Wednesday, September 19, 2012

Here We Go Again


Mark Hulbert who I sometimes agree with, sometimes not, just penned an article on Apple saying that it was the Enron (latent catastrophe) of our time.  Now granted that's an extreme comparison given Enron's outright fraud, but it's certainly not an exaggeration to say that Apple is the most overbought, overbelieved stock of this era.  And we know from vast experience what happens when the iconic stock or investment of each era implodes.  Worse yet, given its outsized market capitalization, what happens to Apple will impact the entire market i.e. it's not leading the market, it is the market.  The stock just crossed $700 and its market capitalization is now $658 billion.  Each $1 increase in the stock price equates to almost $1 billion in market cap and since the iPhone 5 launch less than one week ago, the stock has tacked on an additional $30 billion in market cap all thanks to an extra row of icons on the screen.  

"Those Jobs are Going Boys, And They Ain't Coming Back..."
Anyone who doubts my Ponzi thesis is watching the Kardashians 24 x 7.  When a glorified gadget company can gain in a week a value greater than the GDP of over one hundred  countries, then the Ponzi is in sudden death overtime.  On a related note, one clueless presidential candidate is now excoriating almost half of eligible voters for being free loaders even though he made his personal fortune through downsizing and outsourcing aka. "private equity".  You can't make this shit up.  I am constantly amazed that so few people make the connection between outsourcing the economy and the fact that there are so few jobs now available.  That's because they were brainwashed into believing they are in an "ownership society", or what's otherwise known as a "lottery".  So that day of dawning recognition - that the better part of the economy is now gone and never coming back - is in the not too distant future and the underwear will be mighty stained at that juncture, that's for damn sure.  

We've Seen This Movie Before, Five or Six Times, We Have A Decent Idea How It Ends...
I have been highly skeptical of Apple since last Spring because a key reason I started this blog in the first place was to avoid getting sucked into another "bubble".  I got conned during the DotCom era, but since then, we have seen the housing bubble (2003-2006), commodities bubble (2007), gold bubble (2011) and now this latest Apple rocket ride.  One thing all of these bubbles had in common is that they were inflated by excessive monetary stimulus.  Granted the Dotcom bubble had other amplifying factors, but recall that Greenspan had his foot on the pedal coming out of the 1998 Asian Currency Crisis and he kept interest rates low straight into the "Y2K" date change event i.e. in case computers stopped working.  Fast forward and as one would expect in a deflationary liquidity trap, Bernanke's latest stimulus is stymied by the burgeoning cash-only economy, so his only recourse is to stoke the "animal spirits" i.e. encourage speculators to move out of low yielding assets (aka.
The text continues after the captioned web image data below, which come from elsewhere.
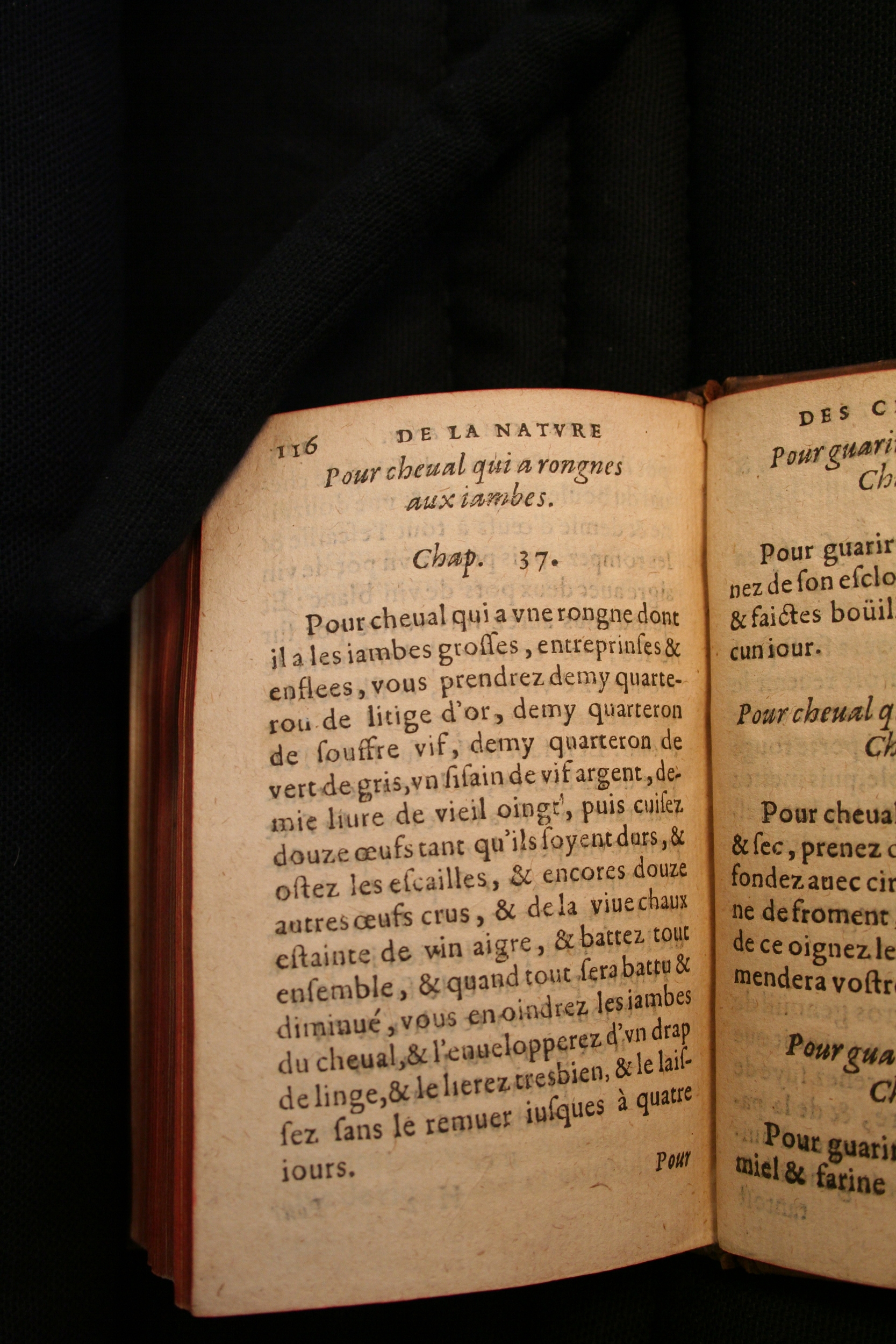 1591 - Pierre Chastaing et Benoît Rigaud - Trésor des bêtes chevalines - BM Bordeaux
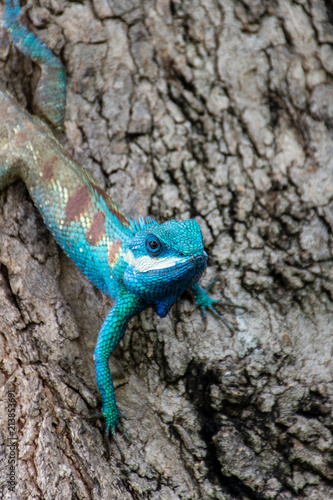 blue chameleon in tropical area on the tree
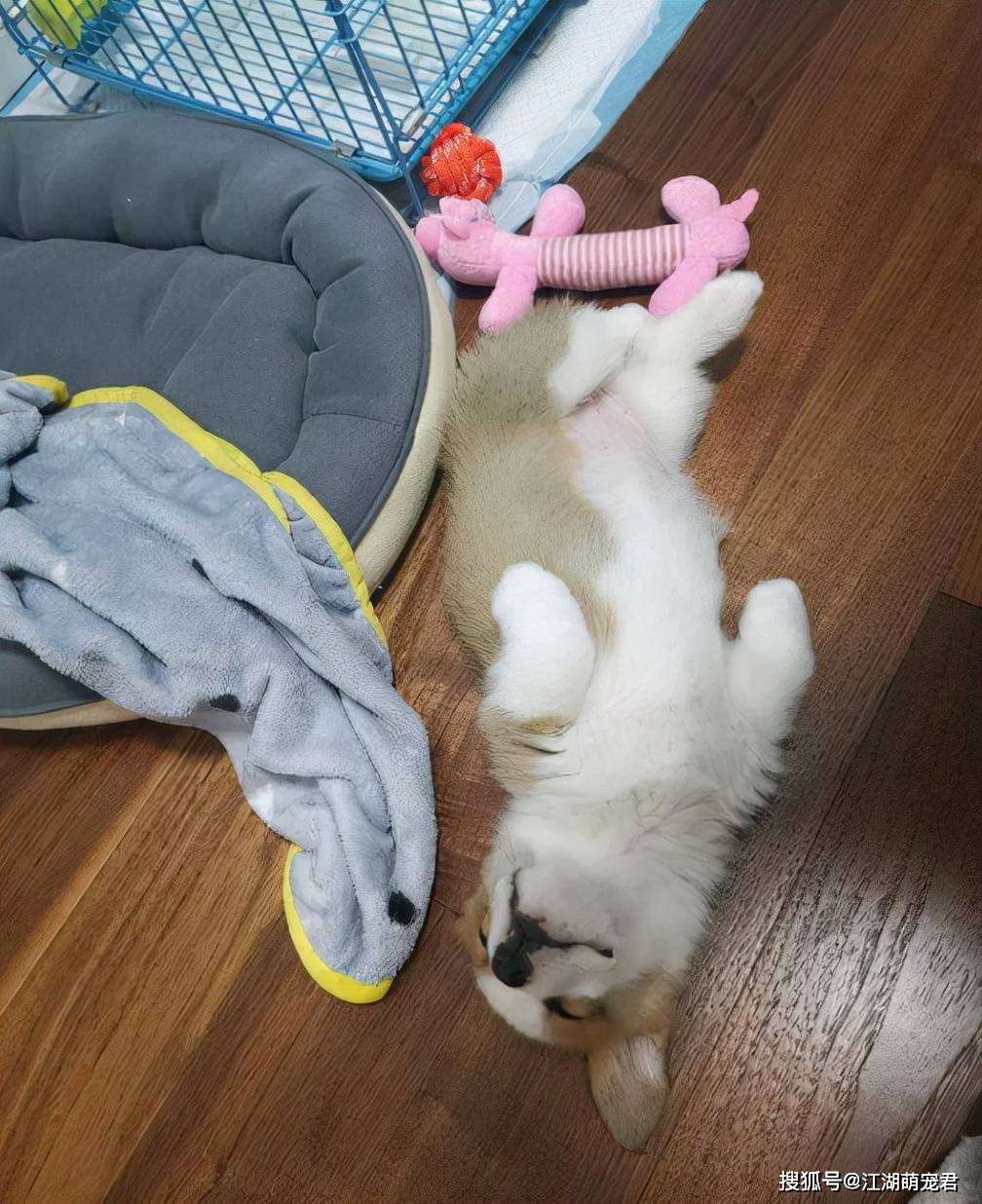 安全感若你家柯基是这样睡觉的，那它肯定很喜欢你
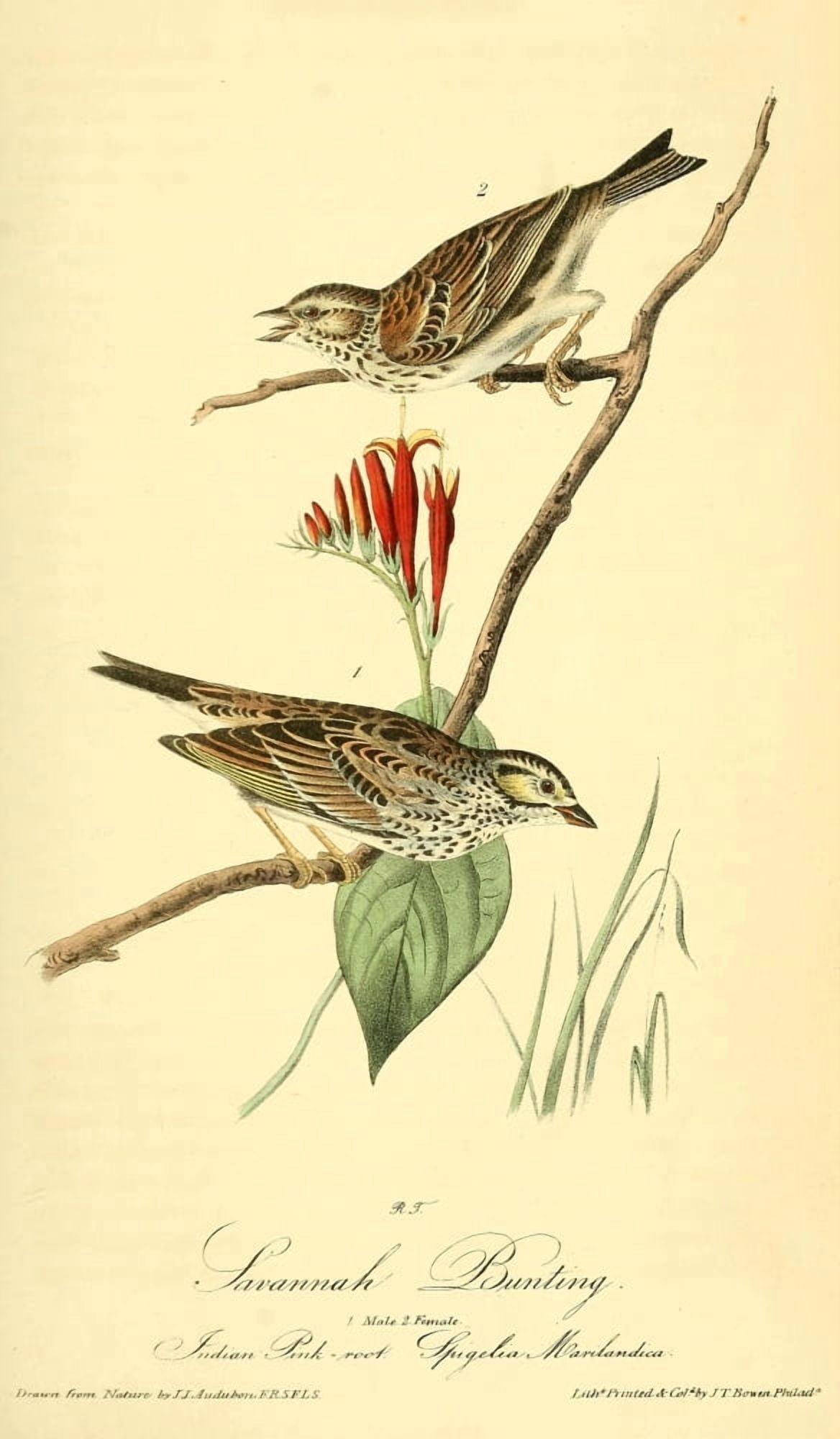 Birds of America 1844 Savannah Bunting Canvas Art - JJ Audubon (18 x 24)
Treasuries) and into risk assets.  Therefore, it should come as no surprise that the boyz on the Apple message boards are getting a tad rowdy, because as we have all learned several times in the past decade, greed truly is blindness and Bernanke just handed out some really dark shades.

Apple: The Leading leading indicator
More importantly, from an overall social mood perspective, Apple, having relative strength, is the leading indicator for risk appetite in the stock market.  The stock market in turn represents society's overall risk appetite and optimism.  The correlation between the stock market and social mood is well documented and is the basis of Elliot Wave Theory.  For those who eschew financial "astrology", scientists have found that they can use general Twitter posts to predict the stock market.  So the Arab Spring that coincided with the early 2011 market high and the Occupy Wall Street movement that manifested after the 2011 summer meltdown, were likely no coincidence in terms of timing.  Getting back to Apple i.e. the leading indicator of the leading indicator, and glancing at the chart above, the resurgent Arab Fall and various other nascent geopolitical dislocations will likely soon have a lot more gas poured on their fire.